Stored items from a collection:
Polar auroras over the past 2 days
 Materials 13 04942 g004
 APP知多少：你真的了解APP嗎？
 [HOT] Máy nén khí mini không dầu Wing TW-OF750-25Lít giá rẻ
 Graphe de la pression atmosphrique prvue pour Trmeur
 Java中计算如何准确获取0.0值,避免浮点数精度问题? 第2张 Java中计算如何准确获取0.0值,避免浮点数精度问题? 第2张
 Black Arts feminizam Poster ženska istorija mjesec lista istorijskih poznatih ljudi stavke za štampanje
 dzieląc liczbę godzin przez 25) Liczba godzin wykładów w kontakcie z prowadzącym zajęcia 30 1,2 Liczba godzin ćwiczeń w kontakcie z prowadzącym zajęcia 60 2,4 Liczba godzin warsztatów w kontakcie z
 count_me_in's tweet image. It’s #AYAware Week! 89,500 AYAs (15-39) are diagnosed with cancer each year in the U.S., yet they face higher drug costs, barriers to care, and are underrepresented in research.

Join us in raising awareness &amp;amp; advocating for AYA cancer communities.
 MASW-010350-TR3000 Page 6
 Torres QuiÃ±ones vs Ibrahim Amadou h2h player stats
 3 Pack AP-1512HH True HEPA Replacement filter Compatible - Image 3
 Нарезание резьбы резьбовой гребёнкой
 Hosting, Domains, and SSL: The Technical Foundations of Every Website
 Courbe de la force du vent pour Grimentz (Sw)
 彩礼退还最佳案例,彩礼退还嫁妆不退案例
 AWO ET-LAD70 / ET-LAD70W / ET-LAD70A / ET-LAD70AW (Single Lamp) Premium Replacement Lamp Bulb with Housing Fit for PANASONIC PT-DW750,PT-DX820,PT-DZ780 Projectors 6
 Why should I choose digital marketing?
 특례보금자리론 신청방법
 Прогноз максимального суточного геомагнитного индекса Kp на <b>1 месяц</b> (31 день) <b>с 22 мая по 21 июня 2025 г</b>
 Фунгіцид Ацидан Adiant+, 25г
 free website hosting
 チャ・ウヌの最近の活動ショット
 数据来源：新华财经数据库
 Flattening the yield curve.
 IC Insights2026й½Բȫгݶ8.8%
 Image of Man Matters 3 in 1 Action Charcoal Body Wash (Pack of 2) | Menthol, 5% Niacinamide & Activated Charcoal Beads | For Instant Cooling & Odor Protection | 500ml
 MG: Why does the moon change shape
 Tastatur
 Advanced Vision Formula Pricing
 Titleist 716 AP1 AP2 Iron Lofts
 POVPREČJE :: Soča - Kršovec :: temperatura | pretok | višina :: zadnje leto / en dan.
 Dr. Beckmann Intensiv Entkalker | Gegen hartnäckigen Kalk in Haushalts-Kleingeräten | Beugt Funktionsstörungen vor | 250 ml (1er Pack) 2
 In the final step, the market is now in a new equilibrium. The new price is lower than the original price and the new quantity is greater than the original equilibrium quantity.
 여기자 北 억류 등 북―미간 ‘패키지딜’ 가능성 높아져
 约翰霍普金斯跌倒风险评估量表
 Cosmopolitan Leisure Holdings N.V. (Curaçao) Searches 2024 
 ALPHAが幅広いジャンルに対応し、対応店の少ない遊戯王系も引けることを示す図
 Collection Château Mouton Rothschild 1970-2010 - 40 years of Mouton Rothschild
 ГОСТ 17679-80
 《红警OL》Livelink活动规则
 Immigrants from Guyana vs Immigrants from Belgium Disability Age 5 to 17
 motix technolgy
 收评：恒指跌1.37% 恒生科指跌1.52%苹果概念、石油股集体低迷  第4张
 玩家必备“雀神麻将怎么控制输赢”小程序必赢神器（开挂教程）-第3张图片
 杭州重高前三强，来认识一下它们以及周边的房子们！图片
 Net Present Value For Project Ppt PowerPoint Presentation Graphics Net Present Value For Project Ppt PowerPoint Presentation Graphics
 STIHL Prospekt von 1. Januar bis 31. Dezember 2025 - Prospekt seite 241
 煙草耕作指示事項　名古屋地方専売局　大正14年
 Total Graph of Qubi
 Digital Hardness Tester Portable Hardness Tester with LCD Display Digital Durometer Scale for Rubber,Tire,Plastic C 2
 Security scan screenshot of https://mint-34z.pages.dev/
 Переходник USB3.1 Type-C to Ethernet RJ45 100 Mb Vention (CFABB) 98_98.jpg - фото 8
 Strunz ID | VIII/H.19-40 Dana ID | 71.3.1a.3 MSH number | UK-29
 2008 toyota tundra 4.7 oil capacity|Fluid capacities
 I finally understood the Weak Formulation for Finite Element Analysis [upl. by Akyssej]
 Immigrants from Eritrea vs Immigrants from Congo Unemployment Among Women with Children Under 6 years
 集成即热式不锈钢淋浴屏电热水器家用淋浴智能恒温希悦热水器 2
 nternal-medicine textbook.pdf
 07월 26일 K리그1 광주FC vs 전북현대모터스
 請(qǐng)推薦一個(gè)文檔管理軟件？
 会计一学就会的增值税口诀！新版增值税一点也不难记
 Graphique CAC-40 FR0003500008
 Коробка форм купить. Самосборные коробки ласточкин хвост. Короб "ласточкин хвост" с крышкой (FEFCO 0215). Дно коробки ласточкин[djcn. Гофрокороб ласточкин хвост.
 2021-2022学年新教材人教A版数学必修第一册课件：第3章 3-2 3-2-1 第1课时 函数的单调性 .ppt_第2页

## Work required
Within the data above, the lines from the one with "nternal-medicine textbook.pdf" to the one with "Graphique CAC-40 FR0003500008" must be repeated exactly; no other line belongs in the answer.

## Written solution
 nternal-medicine textbook.pdf
 07월 26일 K리그1 광주FC vs 전북현대모터스
 請(qǐng)推薦一個(gè)文檔管理軟件？
 会计一学就会的增值税口诀！新版增值税一点也不难记
 Graphique CAC-40 FR0003500008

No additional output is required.